**EXERCISE DETAILS**
Would you write out the lines from the one containing "Liverpool players and" to the end of the records below, exactly and in full, please?

┌─ SOURCE MATERIAL

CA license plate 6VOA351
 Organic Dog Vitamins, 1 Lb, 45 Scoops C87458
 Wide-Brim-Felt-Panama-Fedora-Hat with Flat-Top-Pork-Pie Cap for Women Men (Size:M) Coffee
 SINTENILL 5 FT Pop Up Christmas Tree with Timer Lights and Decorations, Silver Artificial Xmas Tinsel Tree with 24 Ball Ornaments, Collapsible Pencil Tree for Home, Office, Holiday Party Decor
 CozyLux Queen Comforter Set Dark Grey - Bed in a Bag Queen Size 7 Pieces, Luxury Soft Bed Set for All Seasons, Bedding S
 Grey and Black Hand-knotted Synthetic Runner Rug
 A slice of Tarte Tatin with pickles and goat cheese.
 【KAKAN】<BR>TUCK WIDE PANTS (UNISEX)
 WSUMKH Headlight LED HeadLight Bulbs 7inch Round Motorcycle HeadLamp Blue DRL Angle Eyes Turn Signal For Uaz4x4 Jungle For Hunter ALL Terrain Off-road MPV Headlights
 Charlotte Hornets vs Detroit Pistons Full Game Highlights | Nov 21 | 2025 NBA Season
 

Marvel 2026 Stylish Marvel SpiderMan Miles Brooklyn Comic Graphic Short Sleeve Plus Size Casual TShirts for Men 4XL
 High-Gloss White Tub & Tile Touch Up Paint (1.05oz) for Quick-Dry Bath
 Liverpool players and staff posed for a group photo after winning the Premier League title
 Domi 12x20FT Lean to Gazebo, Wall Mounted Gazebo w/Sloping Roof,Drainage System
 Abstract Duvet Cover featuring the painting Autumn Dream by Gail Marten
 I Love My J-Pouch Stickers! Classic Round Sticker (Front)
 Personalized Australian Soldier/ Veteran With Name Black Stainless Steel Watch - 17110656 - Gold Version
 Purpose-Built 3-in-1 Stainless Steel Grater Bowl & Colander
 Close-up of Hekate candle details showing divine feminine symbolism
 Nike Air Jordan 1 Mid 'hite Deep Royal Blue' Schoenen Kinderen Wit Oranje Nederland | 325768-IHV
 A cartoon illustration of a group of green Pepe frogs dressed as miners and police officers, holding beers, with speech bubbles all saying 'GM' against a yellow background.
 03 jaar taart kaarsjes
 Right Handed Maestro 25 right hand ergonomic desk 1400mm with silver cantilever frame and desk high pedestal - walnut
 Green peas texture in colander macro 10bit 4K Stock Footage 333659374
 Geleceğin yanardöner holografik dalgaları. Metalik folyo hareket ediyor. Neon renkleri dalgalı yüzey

└─

**WRITTEN ANSWER**
 Liverpool players and staff posed for a group photo after winning the Premier League title
 Domi 12x20FT Lean to Gazebo, Wall Mounted Gazebo w/Sloping Roof,Drainage System
 Abstract Duvet Cover featuring the painting Autumn Dream by Gail Marten
 I Love My J-Pouch Stickers! Classic Round Sticker (Front)
 Personalized Australian Soldier/ Veteran With Name Black Stainless Steel Watch - 17110656 - Gold Version
 Purpose-Built 3-in-1 Stainless Steel Grater Bowl & Colander
 Close-up of Hekate candle details showing divine feminine symbolism
 Nike Air Jordan 1 Mid 'hite Deep Royal Blue' Schoenen Kinderen Wit Oranje Nederland | 325768-IHV
 A cartoon illustration of a group of green Pepe frogs dressed as miners and police officers, holding beers, with speech bubbles all saying 'GM' against a yellow background.
 03 jaar taart kaarsjes
 Right Handed Maestro 25 right hand ergonomic desk 1400mm with silver cantilever frame and desk high pedestal - walnut
 Green peas texture in colander macro 10bit 4K Stock Footage 333659374
 Geleceğin yanardöner holografik dalgaları. Metalik folyo hareket ediyor. Neon renkleri dalgalı yüzey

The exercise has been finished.